Exercise aim ▸
Set down the line containing "2026 Kozmetik ve" and each line after it through the last line of the records, exactly, leaving pictures out.

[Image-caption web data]

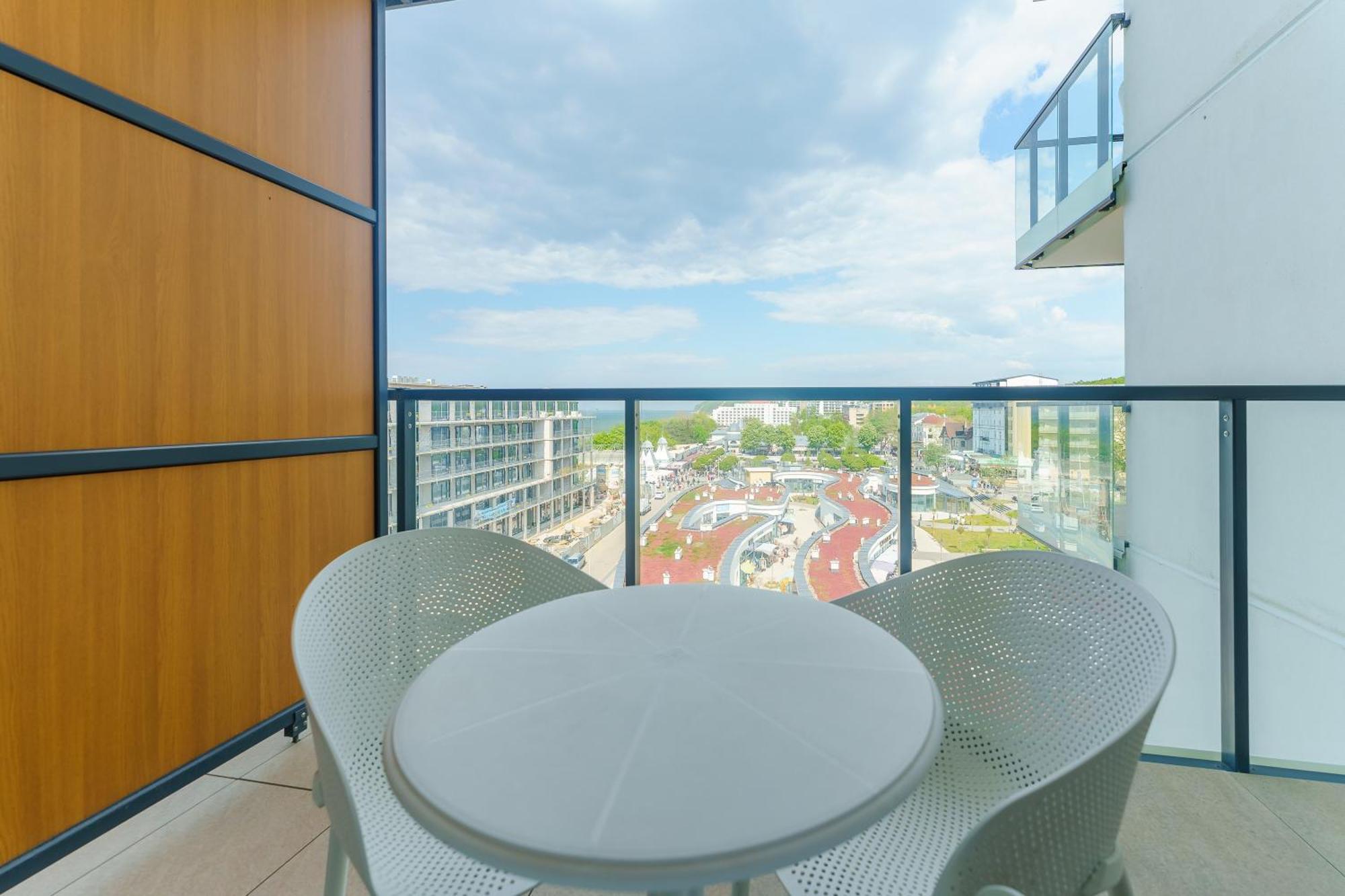 Aquamarina Prima Deluxe Studios With Sea View By Noclegi Renters 米兹多洛杰 外观 照片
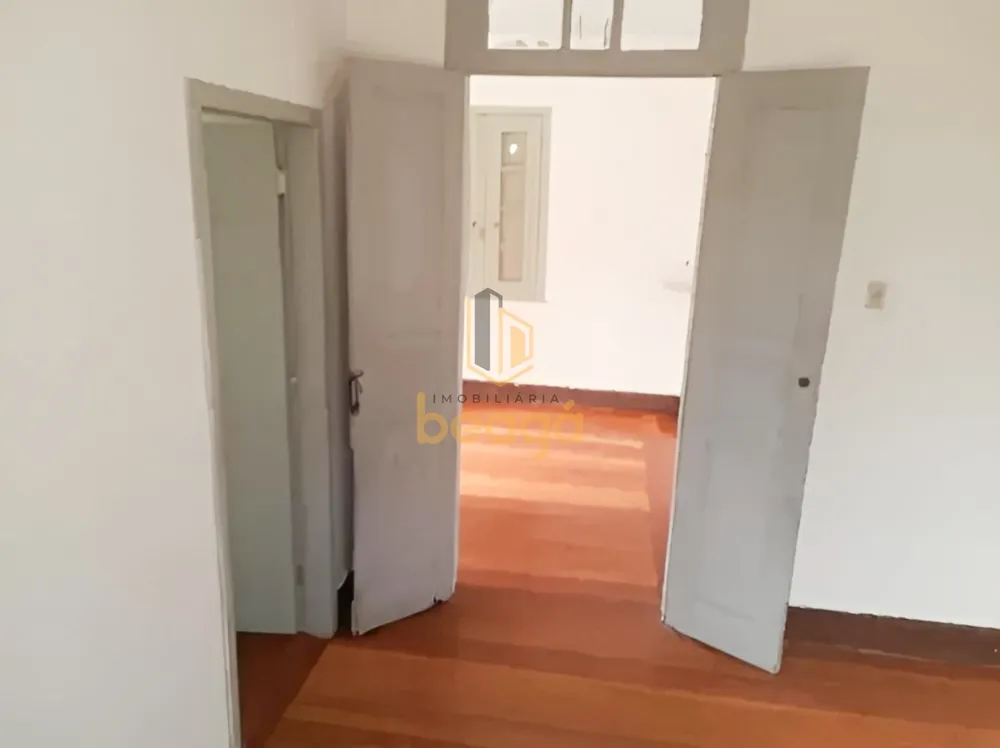 Casa, 6 quartos, 145 m² - Foto 3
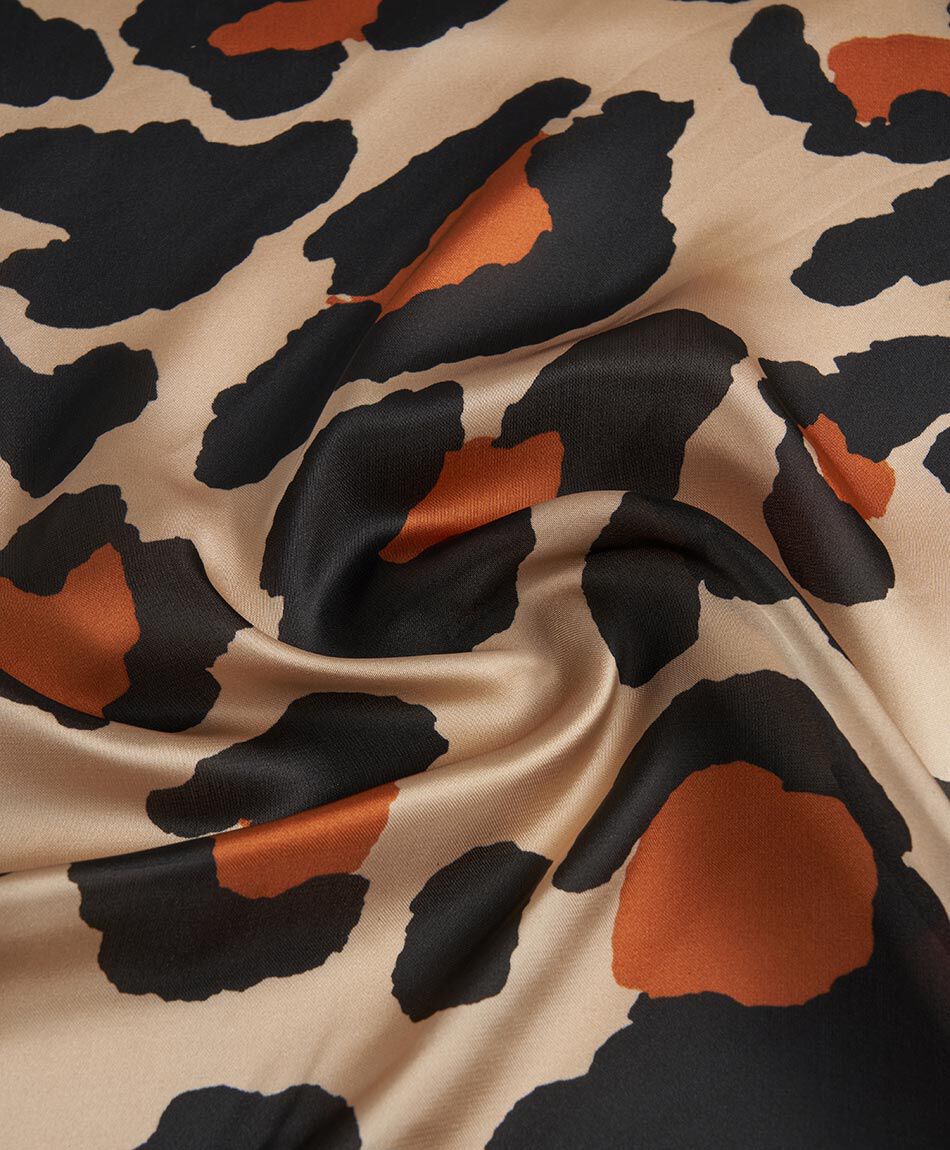 Pa&ntilde;uelo mujer animal print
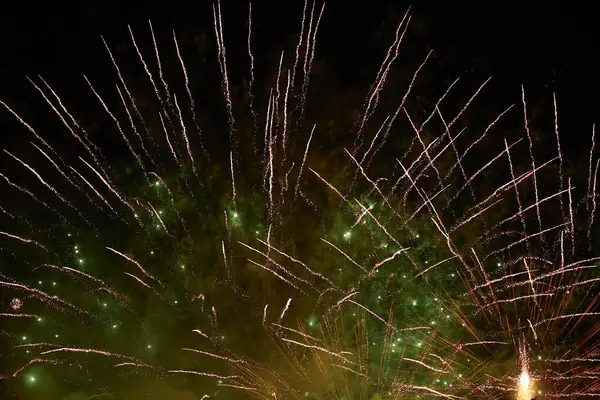 Havai fişekler. Santiago de Compostela 'da Havari bayramı kutlamaları sırasında gece ışıklar yanar..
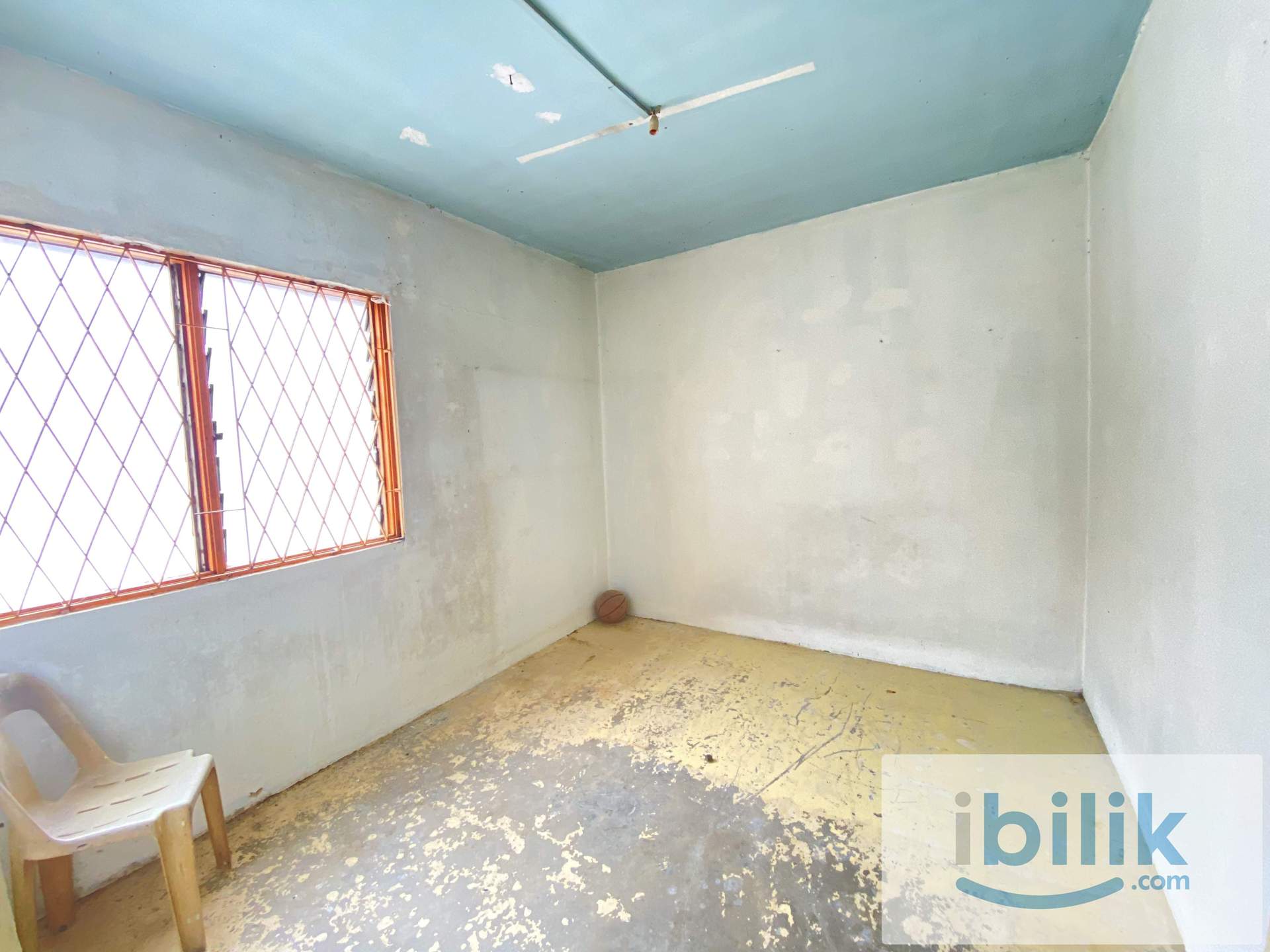 Selesa Jaya Flat Ground Floor For Rent 2 Bedrooms 1 Bathroom Walking distance to Shop lot - Image 4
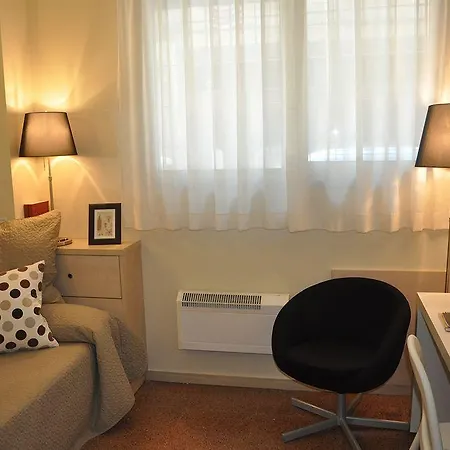 Residencia Universitaria Resa Blas De Otero * Бильбао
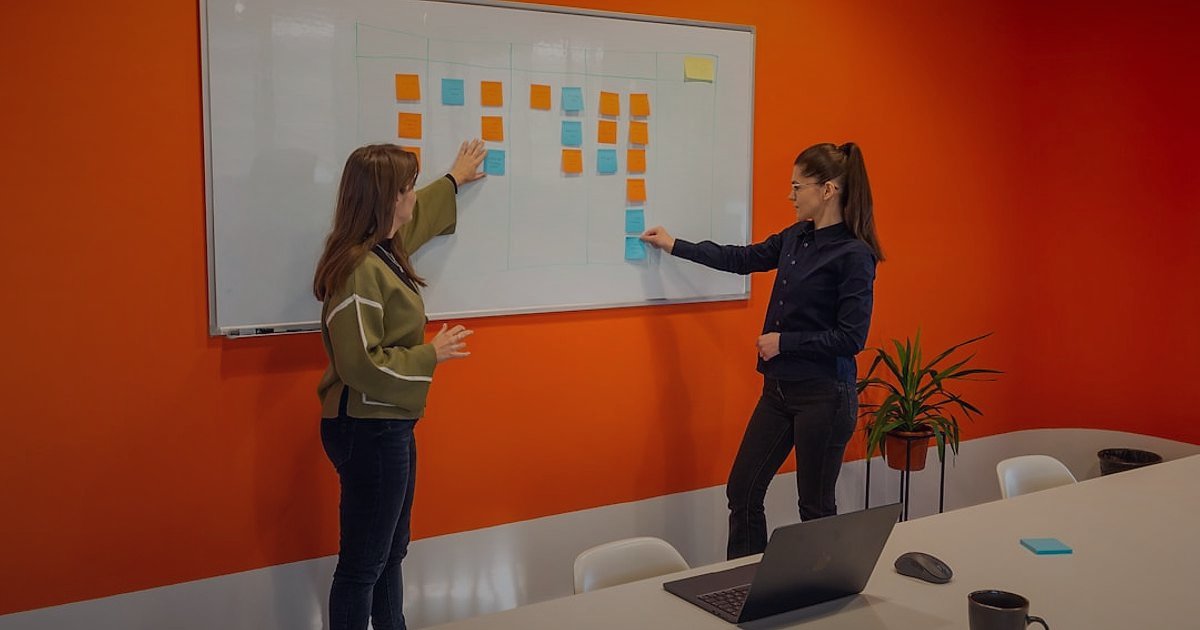 2026 Kozmetik ve Kişisel Bakım Dropshipping: Güvenilir Tedarikçi Bulma ve Doğrulama Rehberi - two business partners discussing strategy whiteboard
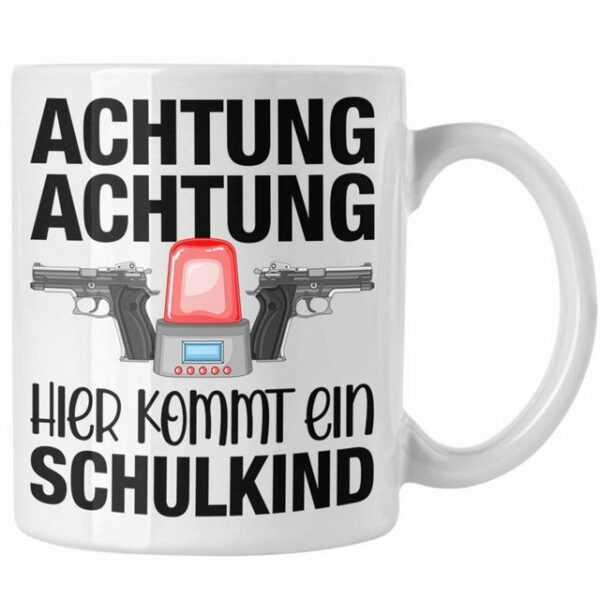 Trendation Tasse "Trendation - Einschulung Junge Achtung Schulkind Geschenk für Schultüte Füllung Tasse Schulstart 1. Schultag Schuleinführung Schulanfang Geschenkidee 2022"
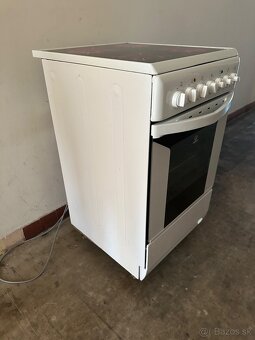 Elektricky sporak INDESIT - 3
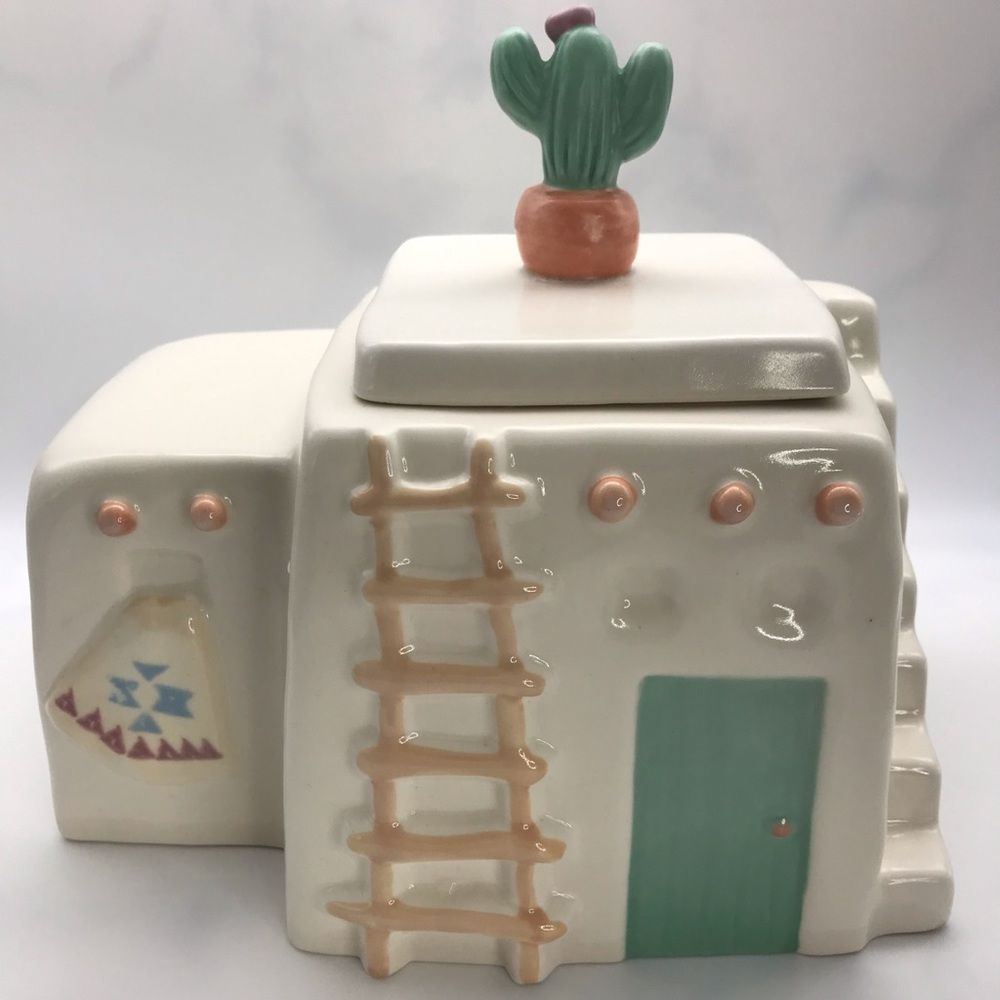 Vintage TREASURE CRAFT Cactus Adobe House Southwest Desert Cookie Jar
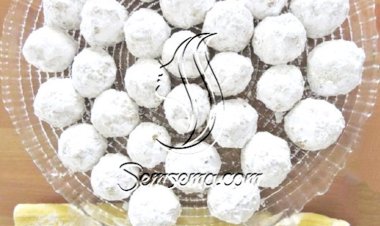 طريقة عمل كرات اللوز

Solution ▸
 2026 Kozmetik ve Kişisel Bakım Dropshipping: Güvenilir Tedarikçi Bulma ve Doğrulama Rehberi - two business partners discussing strategy whiteboard
 Trendation Tasse "Trendation - Einschulung Junge Achtung Schulkind Geschenk für Schultüte Füllung Tasse Schulstart 1. Schultag Schuleinführung Schulanfang Geschenkidee 2022"
 Elektricky sporak INDESIT - 3
 Vintage TREASURE CRAFT Cactus Adobe House Southwest Desert Cookie Jar
 طريقة عمل كرات اللوز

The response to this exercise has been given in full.